- PROBLEM REQUIREMENTS -
Every entry that follows should be output exactly, and every image in it left out.

····················

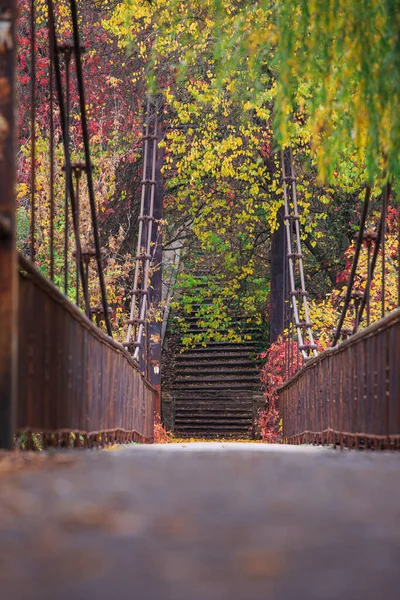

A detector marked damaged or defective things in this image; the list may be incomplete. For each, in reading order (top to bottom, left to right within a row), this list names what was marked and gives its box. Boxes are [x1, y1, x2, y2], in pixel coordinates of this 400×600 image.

rusty suspension bridge [0, 0, 400, 450]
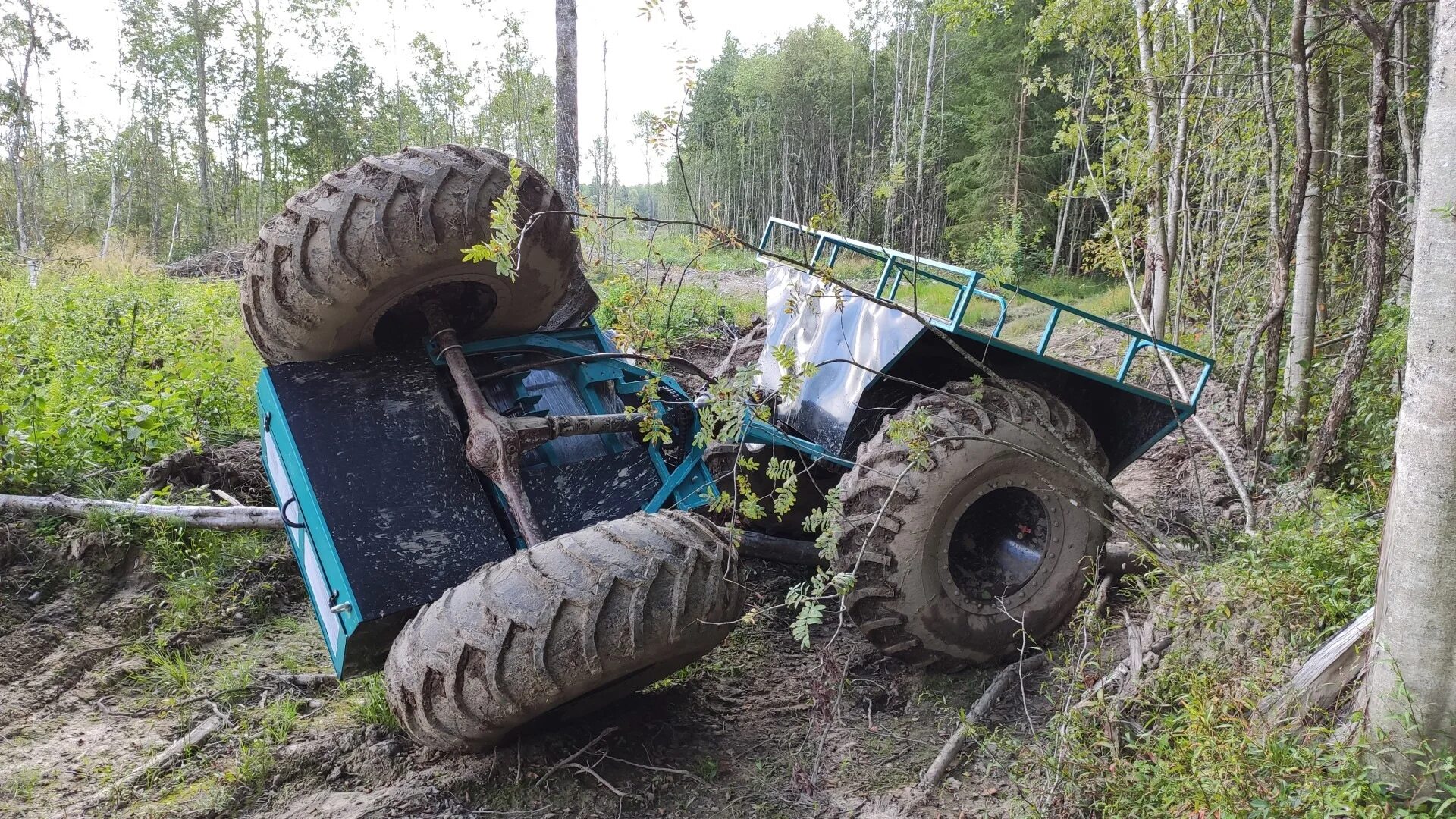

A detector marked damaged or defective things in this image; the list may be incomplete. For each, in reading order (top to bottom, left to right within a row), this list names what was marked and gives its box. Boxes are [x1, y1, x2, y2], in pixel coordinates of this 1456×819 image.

overturned all-terrain vehicle [244, 145, 1211, 745]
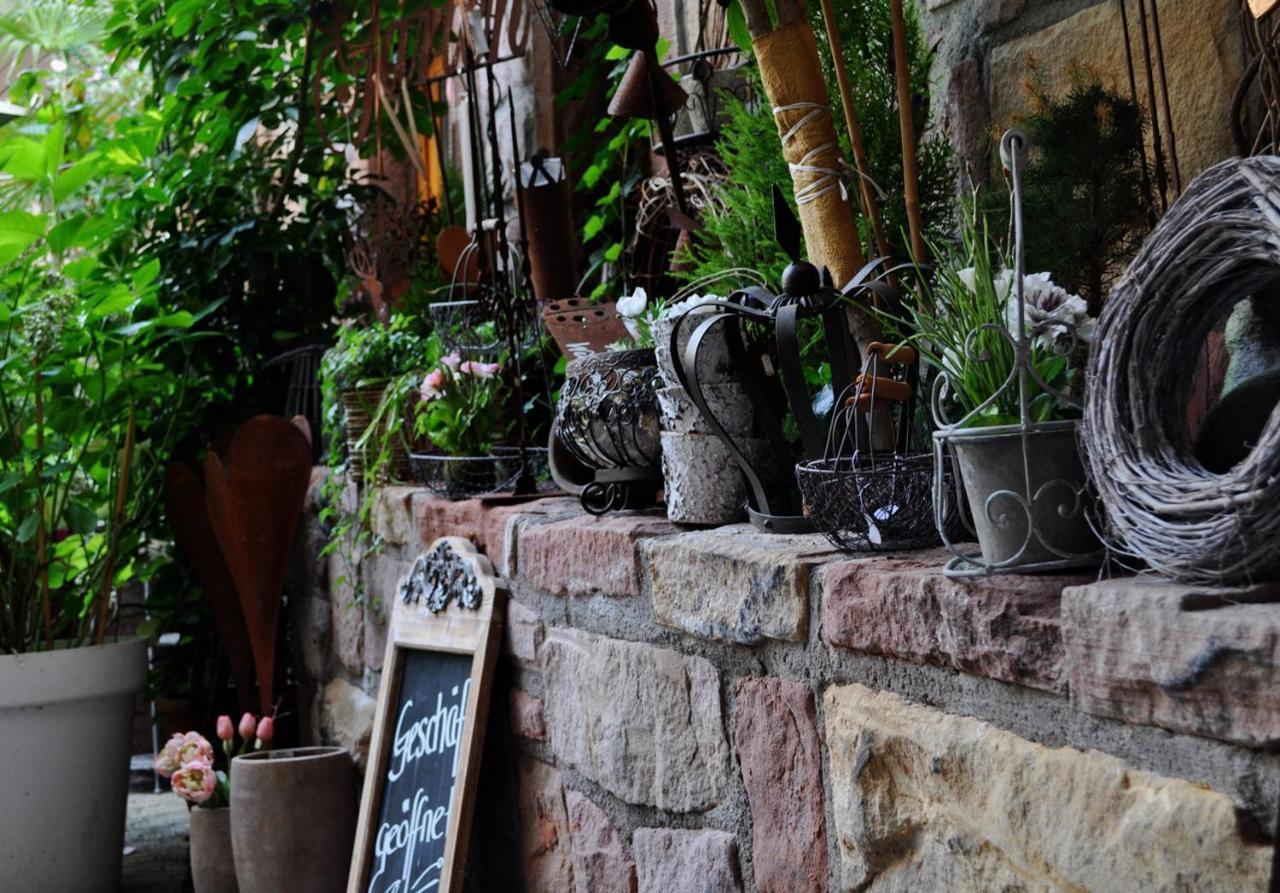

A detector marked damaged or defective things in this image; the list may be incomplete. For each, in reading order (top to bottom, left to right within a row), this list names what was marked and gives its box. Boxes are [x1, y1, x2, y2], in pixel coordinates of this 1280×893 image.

rusty metal heart ornament [206, 414, 316, 711]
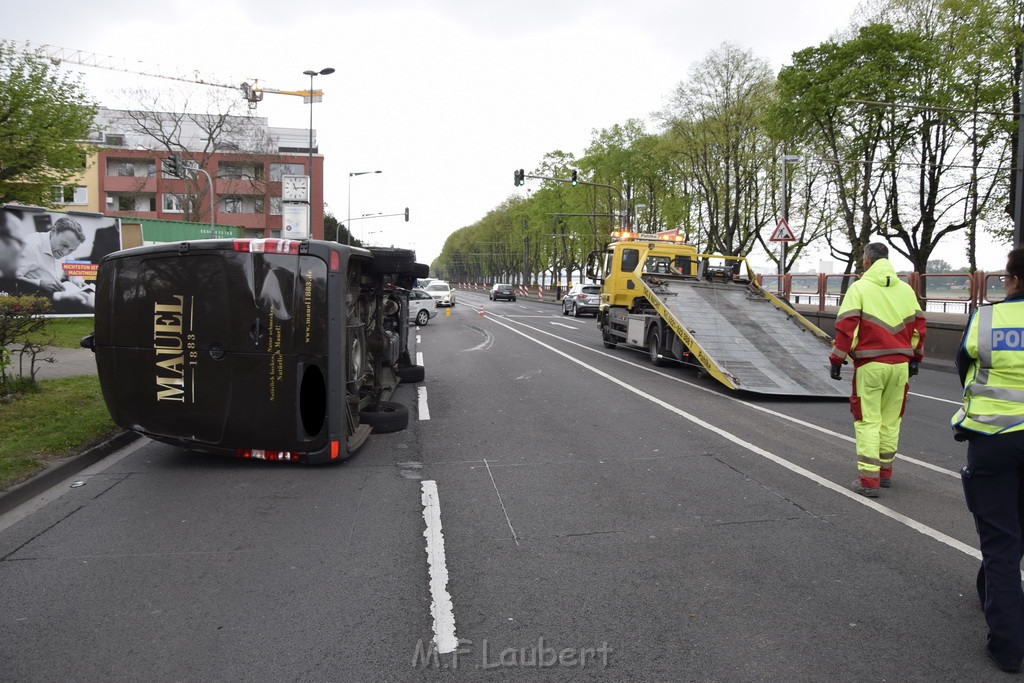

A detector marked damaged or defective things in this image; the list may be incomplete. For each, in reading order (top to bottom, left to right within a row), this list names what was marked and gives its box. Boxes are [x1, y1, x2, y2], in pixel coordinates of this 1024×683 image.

overturned black van [83, 239, 428, 464]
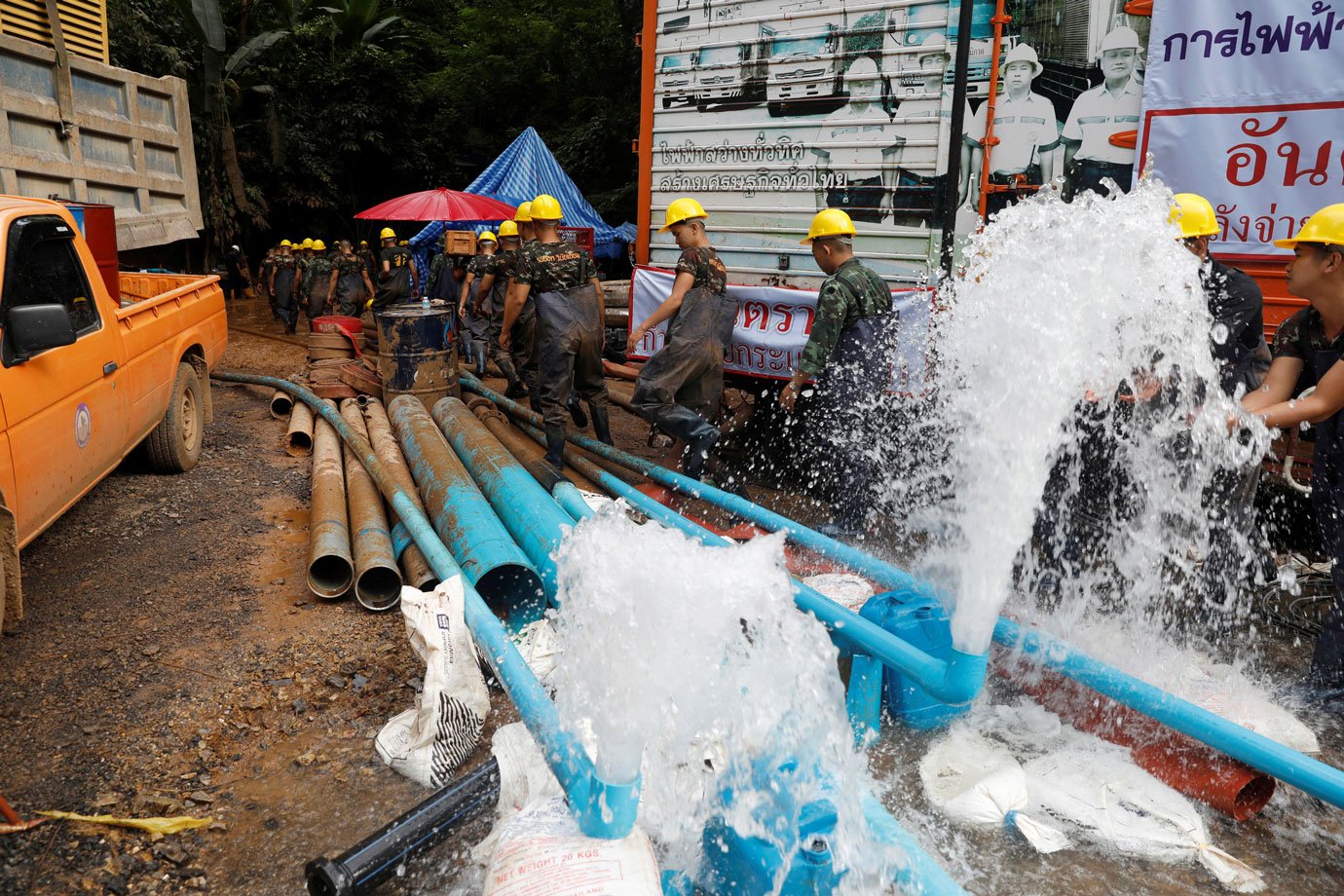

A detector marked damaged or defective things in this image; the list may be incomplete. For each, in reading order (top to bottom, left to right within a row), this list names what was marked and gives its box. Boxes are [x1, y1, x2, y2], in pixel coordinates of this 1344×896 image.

rusty metal pipe [266, 390, 290, 422]
rusty metal pipe [284, 405, 313, 459]
rusty metal pipe [308, 405, 355, 601]
rusty metal pipe [338, 402, 400, 612]
rusty metal pipe [357, 400, 435, 596]
rusted barrel [376, 306, 459, 408]
rusty metal pipe [387, 394, 542, 620]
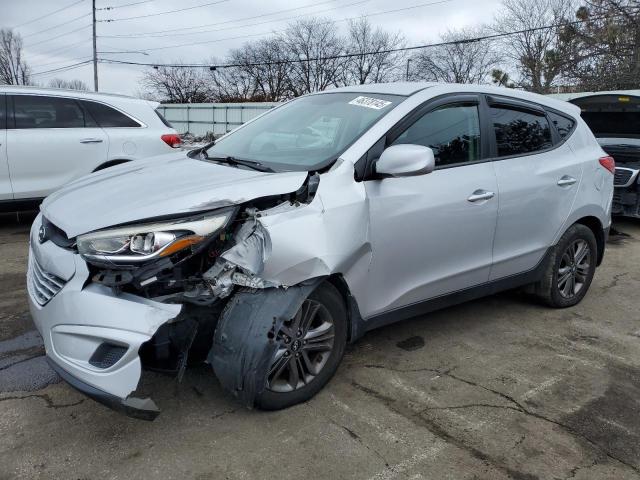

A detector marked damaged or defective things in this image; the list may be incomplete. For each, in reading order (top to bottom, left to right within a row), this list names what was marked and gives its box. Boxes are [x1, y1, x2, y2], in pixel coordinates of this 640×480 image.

torn bumper cover [27, 219, 181, 418]
broken headlight lens [77, 209, 232, 262]
crumpled hood [42, 153, 308, 237]
damaged front end [57, 175, 322, 416]
cracked pavement [1, 215, 640, 480]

····················

- REPLY -
A detector marked damaged or defective things in this image; the list may be incomplete. For each, in reading order (top to bottom, left to right within a row), this list names what was marked and gives its box. Boxes are [x1, y1, x2, y2], in pixel coordinates of this 400×600 image.

rusty suspension bridge [0, 0, 400, 450]

A detector marked damaged or defective things in this image; the list may be incomplete. For each, in reading order (top to bottom, left to right within a row), this list names what was marked and gives its box. Boxes are [x1, y1, x2, y2], in pixel coordinates of this 1456×819 image.

overturned all-terrain vehicle [244, 145, 1211, 745]

A detector marked damaged or defective things in this image; the list may be incomplete. For each, in reading order (top to bottom, left to right within a row), this list names what was marked and gives its box. Boxes are [x1, y1, x2, y2], in pixel coordinates of this 1280×893 image.

rusty metal heart ornament [206, 414, 316, 711]

A detector marked damaged or defective things in this image; the list may be incomplete. For each, in reading order (top to bottom, left to right within a row), this list names what was marked and gives its box. Boxes are [x1, y1, x2, y2], in pixel coordinates of this 1024×683 image.

overturned black van [83, 239, 428, 464]

A detector marked damaged or defective things in this image; the list may be incomplete. For each, in reading order (top to bottom, left to right within a row), this list names what was marked and gives its box. Boxes are [x1, y1, x2, y2], in pixel coordinates of this 1344×896 image.

rusty metal pipe [266, 390, 290, 422]
rusty metal pipe [284, 405, 313, 459]
rusty metal pipe [308, 405, 355, 601]
rusty metal pipe [338, 402, 400, 612]
rusty metal pipe [357, 400, 435, 596]
rusted barrel [376, 306, 459, 408]
rusty metal pipe [387, 394, 542, 620]

A detector marked damaged or defective things in this image; the list may be incomplete. For each, in reading order (top to bottom, left to right within a row), this list names what was marked and gives its box. Boxes are [x1, y1, x2, y2], in pixel coordinates of this 640×480 image.

torn bumper cover [27, 219, 181, 418]
broken headlight lens [77, 209, 232, 262]
crumpled hood [42, 153, 308, 237]
damaged front end [57, 175, 322, 416]
cracked pavement [1, 215, 640, 480]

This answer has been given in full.